Posted by: T. J. Madison at June 14, 2004 04:41 PM

Subways would be a most excellent way to spread pathanogens in New York.

But you can't protect everything.

Maybe we can drop the failed war on drugs and spend more time tracking bio weapons, nukes, and terrorist.

Posted by: IXLNXS at June 14, 2004 08:32 PM

There are a couple of errors here. NYC wasn't "considering" a ban; it was announced as something that was going to happen; now it has, unsurprisingly, become controversial (it will likely be dropped, since it's idiotic).

Separate point, may I suggest it's useful to use the Link Generator to link to Times stories if you want them to be read 8 days or more later? Here is the actual story, rather than the now useless link you gave.
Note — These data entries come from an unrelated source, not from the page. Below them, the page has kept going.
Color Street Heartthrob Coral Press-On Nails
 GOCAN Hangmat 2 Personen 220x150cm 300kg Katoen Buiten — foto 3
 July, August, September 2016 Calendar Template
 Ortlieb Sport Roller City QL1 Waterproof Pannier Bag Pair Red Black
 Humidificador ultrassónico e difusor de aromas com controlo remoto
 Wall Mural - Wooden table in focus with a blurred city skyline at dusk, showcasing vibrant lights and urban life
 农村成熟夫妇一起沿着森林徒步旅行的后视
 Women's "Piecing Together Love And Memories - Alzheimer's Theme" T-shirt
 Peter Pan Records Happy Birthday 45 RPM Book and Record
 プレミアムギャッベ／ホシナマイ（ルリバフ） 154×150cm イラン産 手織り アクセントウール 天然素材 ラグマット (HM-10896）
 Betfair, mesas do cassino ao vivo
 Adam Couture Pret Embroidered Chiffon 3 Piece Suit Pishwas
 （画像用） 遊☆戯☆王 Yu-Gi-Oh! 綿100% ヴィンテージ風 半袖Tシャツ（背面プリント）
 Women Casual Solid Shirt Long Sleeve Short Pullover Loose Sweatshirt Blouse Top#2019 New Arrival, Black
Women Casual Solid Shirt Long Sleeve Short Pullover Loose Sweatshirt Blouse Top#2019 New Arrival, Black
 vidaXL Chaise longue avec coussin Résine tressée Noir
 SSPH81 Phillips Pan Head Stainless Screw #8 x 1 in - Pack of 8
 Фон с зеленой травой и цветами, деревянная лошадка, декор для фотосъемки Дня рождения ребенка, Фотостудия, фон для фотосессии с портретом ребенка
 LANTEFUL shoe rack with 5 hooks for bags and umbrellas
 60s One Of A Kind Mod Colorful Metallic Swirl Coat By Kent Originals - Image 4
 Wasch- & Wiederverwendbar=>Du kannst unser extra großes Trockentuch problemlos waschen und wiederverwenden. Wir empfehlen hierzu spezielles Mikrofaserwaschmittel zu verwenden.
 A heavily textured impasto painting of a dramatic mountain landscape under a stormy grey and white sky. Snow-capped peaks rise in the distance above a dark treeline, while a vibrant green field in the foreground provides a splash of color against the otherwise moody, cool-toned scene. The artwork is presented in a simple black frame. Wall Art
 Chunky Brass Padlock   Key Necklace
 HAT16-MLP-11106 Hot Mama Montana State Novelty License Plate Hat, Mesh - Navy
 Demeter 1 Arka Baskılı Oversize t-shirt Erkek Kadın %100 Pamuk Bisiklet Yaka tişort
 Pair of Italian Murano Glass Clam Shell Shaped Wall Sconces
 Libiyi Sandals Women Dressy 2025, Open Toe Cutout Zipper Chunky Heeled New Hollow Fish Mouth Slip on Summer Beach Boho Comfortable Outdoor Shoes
"Rudy Giuliani found a mix of liberal Republicanism that most New Yorkers thought worked pretty well...."

Actually, prior to September 11th, Guiliani was despised with a passion that Bloomberg will never come close to, by a significant proportion of NYers; at least 40%. Bloomberg arouses indifference and annoyance. Guiliani was hated or admired. In '97, the results were Messinger (D) 533, 869, Guiliani ® 753,404; a very substantial victory against a very weak opponent, but not "most New Yorkers" especially given the low turnout.